In [38]:
import os
import json
from dotenv import load_dotenv
from IPython.display import display, Markdown, update_display
from scraper import fetch_website_contents, fetch_website_links
from openai import OpenAI
load_dotenv()
client = OpenAI(api_key=os.getenv("OPENAI_API_KEY"))

In [5]:
links = fetch_website_links("https://luminal.com")
print(links)

['/', '/blog', 'https://github.com/luminal-ai/luminal', 'https://www.ycombinator.com/companies/luminal', 'https://forms.gle/sfwqY4hWgQpUzGet5', 'https://luminal.cloud/deepseek-ocr', 'https://forms.gle/sfwqY4hWgQpUzGet5', 'https://calendly.com/accounts-luminalai/30min', 'mailto:founders@luminalai.com', 'https://forms.gle/sfwqY4hWgQpUzGet5']


In [6]:
# first step: asking the GPT-5-nano model to figure out the relevant links

In [7]:
link_system_prompt = """
You are provided with a list of links found on a webpage.
You are able to decide which of the links would be most relevant to include in a brochure about the company,
such as links to an About page, or a Company page, or Careers/Jobs pages.
You should respond in JSON as in this example:

{
    "links": [
        {"type": "about page", "url": "https://full.url/goes/here/about"},
        {"type": "careers page", "url": "https://another.full.url/careers"}
    ]
}
"""

In [13]:
def get_links_user_prompt(url):
    user_prompt = f"""
Here is the list of links on the website {url} -
Please decide which of these are relevant web links for a brochure about the company, 
respond with the full https URL in JSON format.
Do not include Terms of Service, Privacy, email links.

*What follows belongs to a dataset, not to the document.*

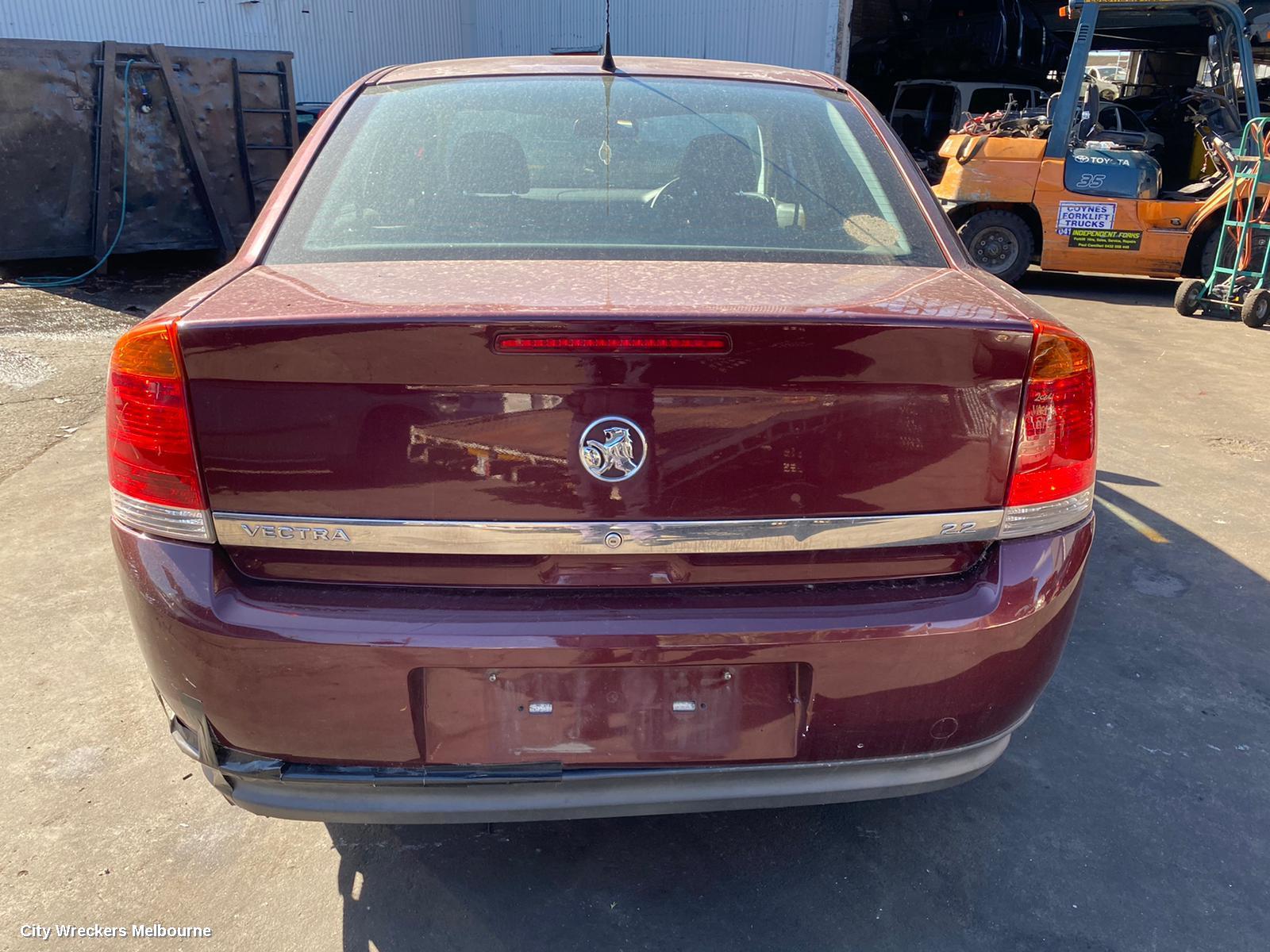 HOLDEN VECTRA BONNET, ZC, 03/2003 - 12/2006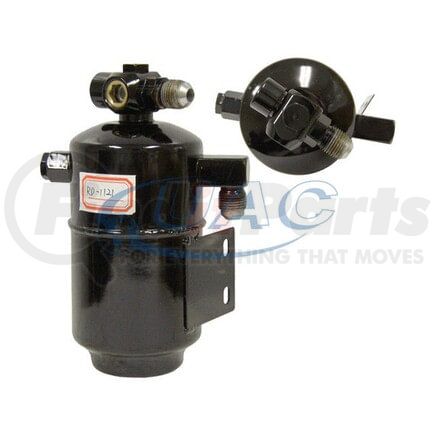 Universal Air Conditioner (UAC) RD1121C A/C Receiver Drier A/C Receiver Drier -- Drier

Links (some might be relative links):
"""
    links = fetch_website_links(url)
    user_prompt += "\n".join(links)
    return user_prompt

In [14]:
print(get_links_user_prompt("https://luminal.com"))


Here is the list of links on the website https://luminal.com -
Please decide which of these are relevant web links for a brochure about the company, 
respond with the full https URL in JSON format.
Do not include Terms of Service, Privacy, email links.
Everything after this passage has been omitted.